Many non-Jewish soldiers and sailors met their first Jew in the military. Stereotypes abounded. Some Jewish soldiers reported being asked about their “horns” by their fellow servicemen.

Jerome Minkow graduated from high school in the Bronx on January 30, 1945 and entered the army on January 31. When he reached basic training at Camp Blanding down South he couldn’t understand how he could be such an oddity for his fellow GIs. One of them even asked him to sign a piece of paper to show the folks back home what a Jew’s signature looked like. Minkow was flabbergasted, and stunned by the animus that surrounded him. He regularly found himself in fights. Eventually Minkow earned respect in the boxing ring.

Jews returned to civilian life unwilling to accept discrimination as a fact of life and willing to take risks to eliminate this stain from the fabric of American society. In December 1945, after the Army returned the Miami Beach hotels it had requisitioned during the war to their proprietors, Burnett Roth and 16 of his fellow Jewish veterans donned their uniforms and made the rounds trying to persuade hotel and rooming-house owners to remove offensive signs advertising “Restricted Clientele,” and “No Jews Wanted.” They followed their persuasion with politics, getting the City Council to pass an ordinance to prohibit discriminatory advertising. Gradually, veterans built a new agenda for the American Jewish community that emphasized the importance of changing the United States, making it a more just society.

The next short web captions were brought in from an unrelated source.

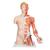 Life-Size Dual Sex Human Torso Model with Muscle Arm, 33 part, 1000205 [B42], Human Torso Models (Small)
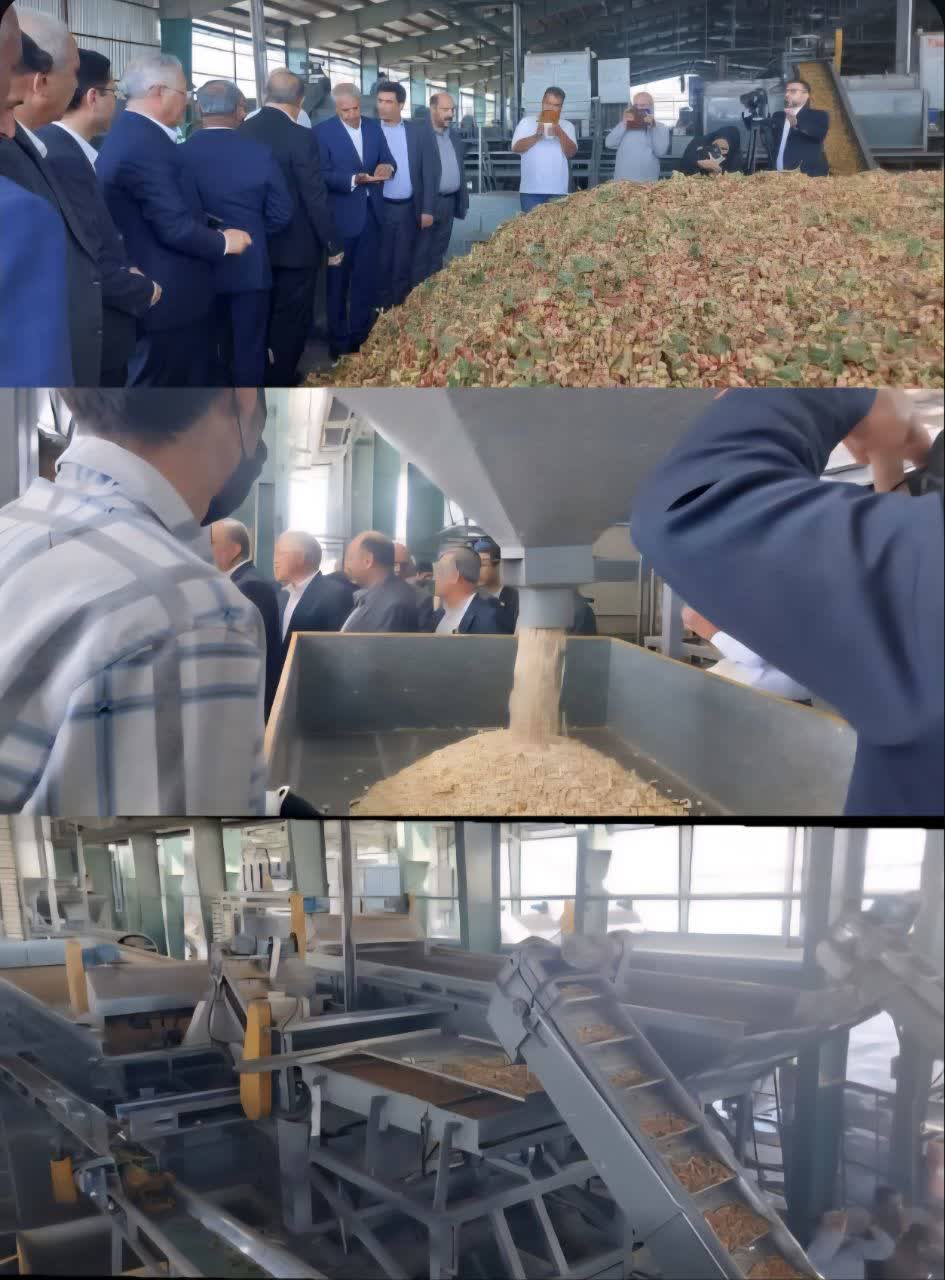 در خط مقدم تولیدکنندگان پسته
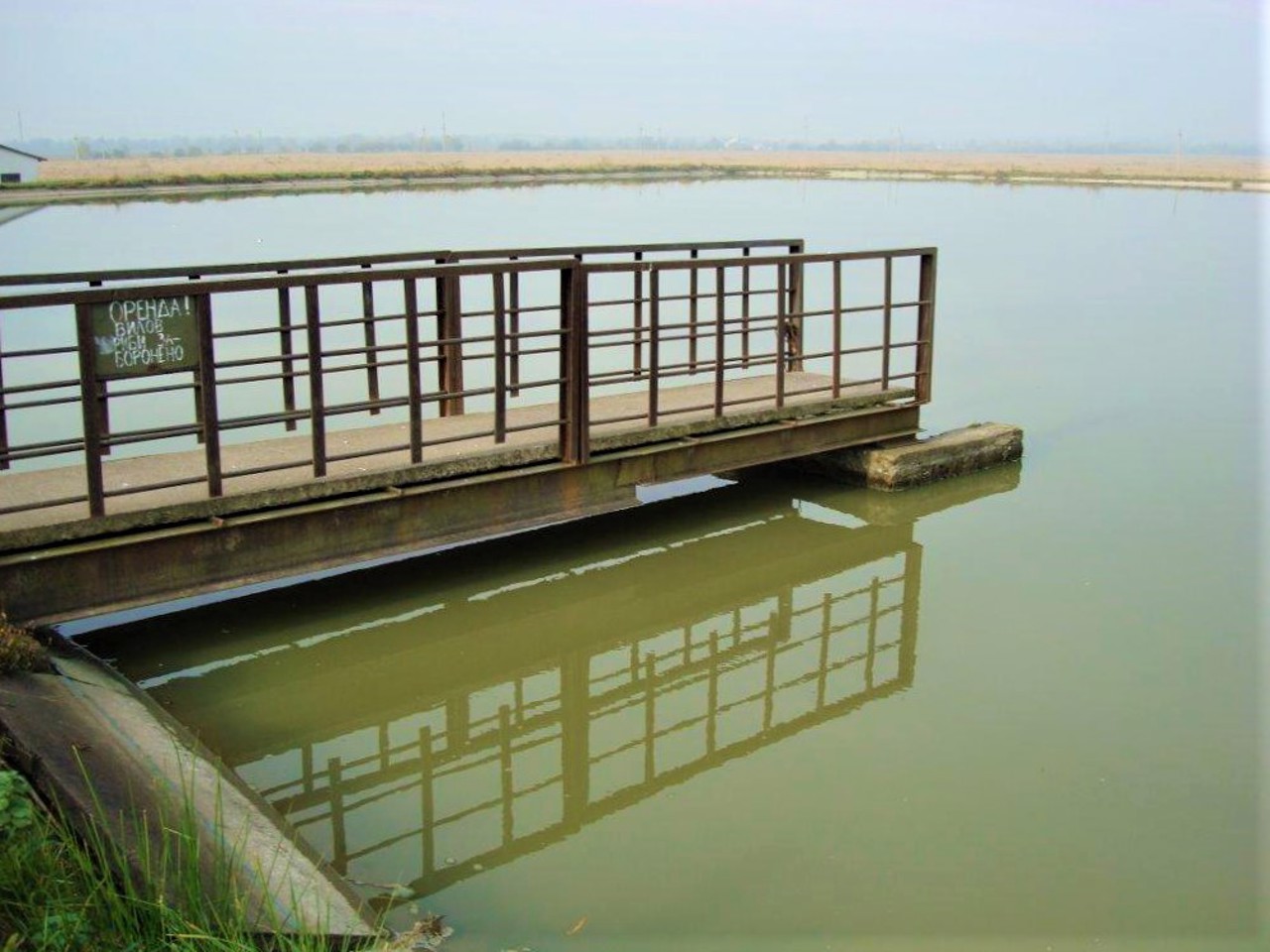 Село Лесная Слободка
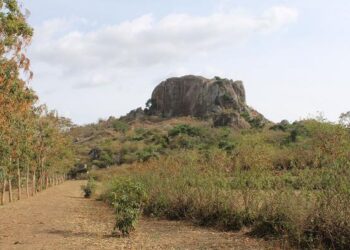 Kakapel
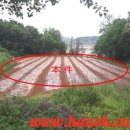 옥기농장 이미지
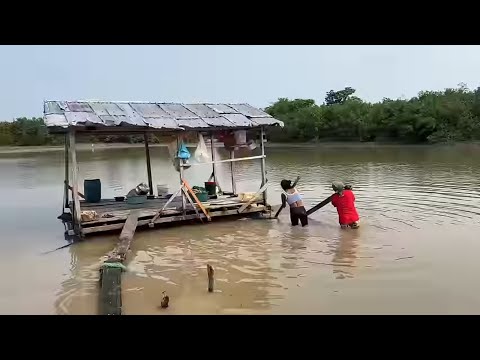 VIDA REAL NA AMAZÔNIA/SECA NO LAGO AMANÃ.
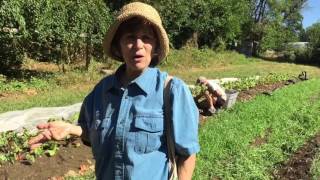 Wild Foodie forages with gourmet chef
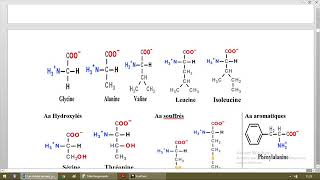 COURS DE BIOCHIMIE LES ACIDES AMINÉS [upl. by Kenway545]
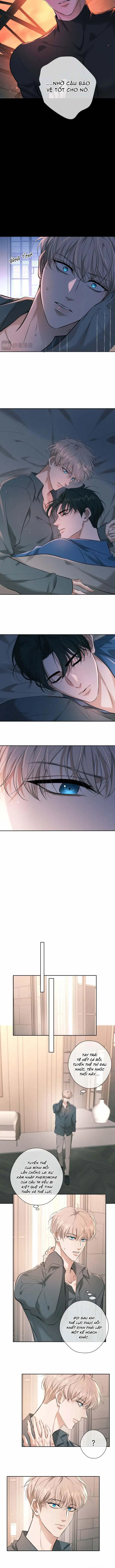 Cạn Tình Chapter 9 Trang 4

At the same time, they fought for a Jewish state. In July 1946 more than 4,000 Jewish veterans rallied in Washington to advocate for the admission of 100,000 Jewish displaced persons to Palestine. The Jewish War Veterans even promised President Truman that they would recruit a full division of Jewish volunteers for service in Palestine to help keep the peace.

Before World War II, neither the cause of Zionism nor that of civil rights enrolled more than small numbers of American Jews. After the war, both achieved new prominence on the Jewish agenda as veterans increasingly set priorities for the Jewish community.

Military service empowered Jewish men; they learned how to fight to defend themselves, their fellow soldiers, their country and their people. No one, they felt, could impugn their patriotism, even when that patriotism demanded recognition of injustices in American society and commitment to rectify them.

Then came Vietnam, a very different war. Many young Jews, born after World War II, decided that they didn’t want to fight in a war that made no sense to them. A few became conscientious objectors. Many more took advantage of deferments, going to college, teaching public school or marrying and having a child.

In 1973, due in no small part to the protests against the Vietnam War in which many young Jews had participated, the federal government ended conscription and moved to an all-volunteer army. Like members of many other relatively affluent demographic groups, young American Jews have since largely chosen to pursue higher educations and civilian careers over military service.

Today, even with two wars going on, many segments of American society are distant from the experience of our nation’s veterans. That’s why honoring their service and sacrifice requires affirmative efforts. The Jewish community, especially, should recognize not only our Jewish veterans’ wartime service but also how they remade their world, the one they bequeathed to future generations. Their struggle to make America a more just society offers us a model worthy of emulation.

Deborah Dash Moore is the Frederick G.L. Huetwell Professor of History at the University of Michigan. She is the author of “GI Jews: How World War II Changed a Generation” (Harvard University Press, 2004) and, most recently, “American Jewish Identity Politics” (University of Michigan Press, 2008).